わざわざ賃金台帳を作らなくても、従業員に毎月渡している給与明細を賃金台帳として代用できないか、と思われる方もいらっしゃると思います。
給与明細は、従業員に対して給与の額を説明するためのものであり、賃金額や控除額は記載されているでしょう。

しかし性別や労働時間数などは書かれていないことが多いです。
そうすると前述の10項目を網羅できていないため、賃金台帳として代用することはできません。
その場合は、やはり賃金台帳を別に作る必要があります。

 

賃金台帳の保存について

賃金台帳は、労働基準法第109条によって、3年間の保存義務が課せられています。
また3年間の起算日は、「最後の記入をした日」とされています。
なお保存は必ずしも紙媒体で行う必要はなく、電子データによる保存も認められています。
ただし必要となったときにすぐに画面上に表示し、また印刷できる状態を整えておかなければなりません。
したがってデータだけを備えておくのでは不十分で、それを表示できるパソコンや印刷できるプリンターなどが必要です。

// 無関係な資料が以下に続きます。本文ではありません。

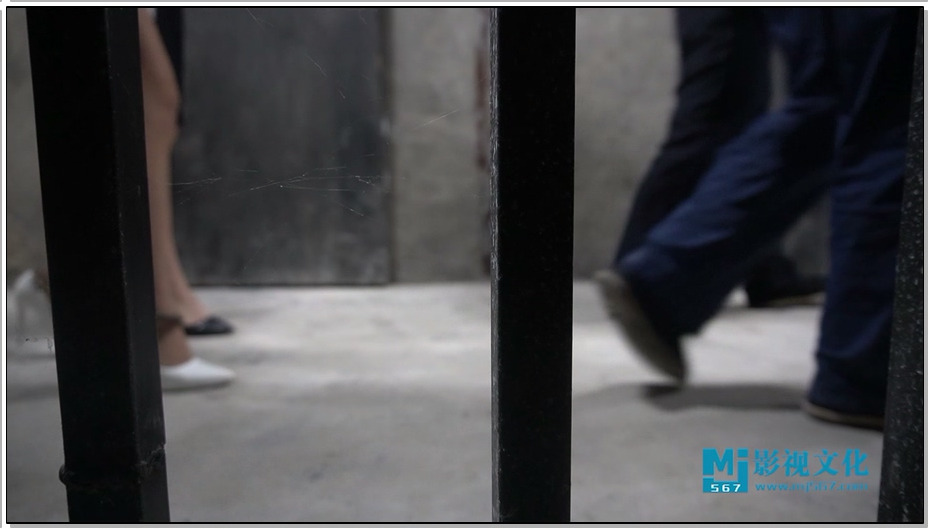 【MJ影视】被押赴刑场的吊带美女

また監査などが行われた時に、どこに保存してあるか分からないと困るので、しっかりと整理して保存しておく必要があります。
さらに誤って消去してしまう可能性もありますので、バックアップなどを行っておくとよりよいでしょう。

 

賃金台帳に関する罰則について

賃金台帳の作成・保存に関して法違反がある場合、労働基準法第120条により、30万円以下の罰金となる可能性もあります。
監査などを契機に違反が発覚したとしても、よほど悪質な場合でない限り即座に罰金が科せられるということは少ないと思いますが、やはり普段から10項目を網羅した賃金台帳を、全従業員分、毎月しっかりと管理していくことが重要です。